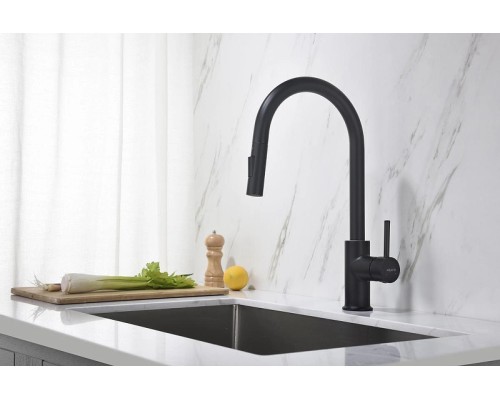 Смеситель для кухни Aquatek Европа AQ1384MB Черный матовый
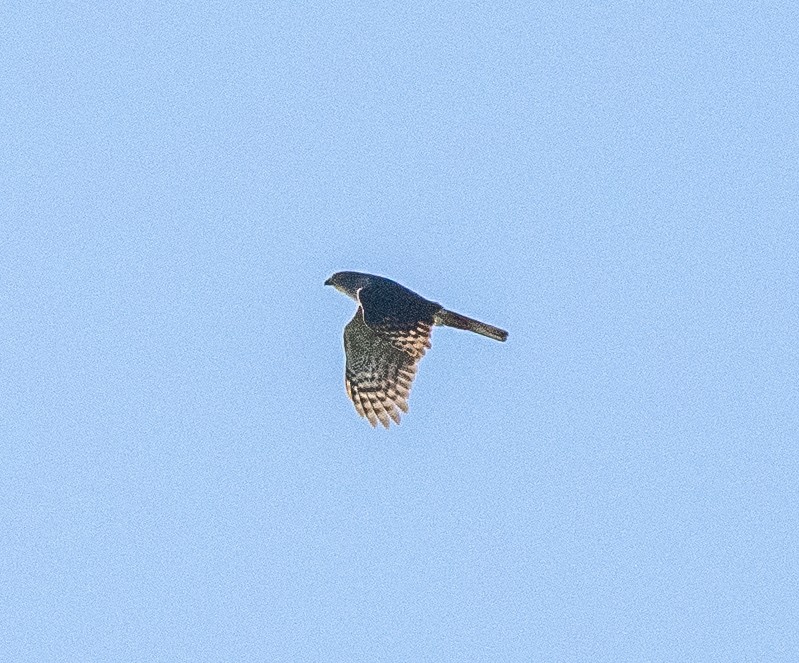 African Goshawk (Southern) - ML630519601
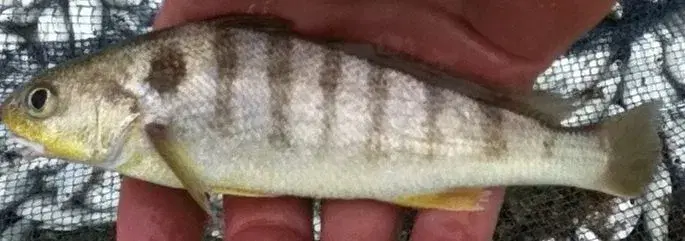 Maria-luísa (Paralonchurus brasiliensis) pescada na costa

Exercise instructions: Ignore the images and quote every line of the listing exactly.

Solution to this task:
 Смеситель для кухни Aquatek Европа AQ1384MB Черный матовый
 African Goshawk (Southern) - ML630519601
 Maria-luísa (Paralonchurus brasiliensis) pescada na costa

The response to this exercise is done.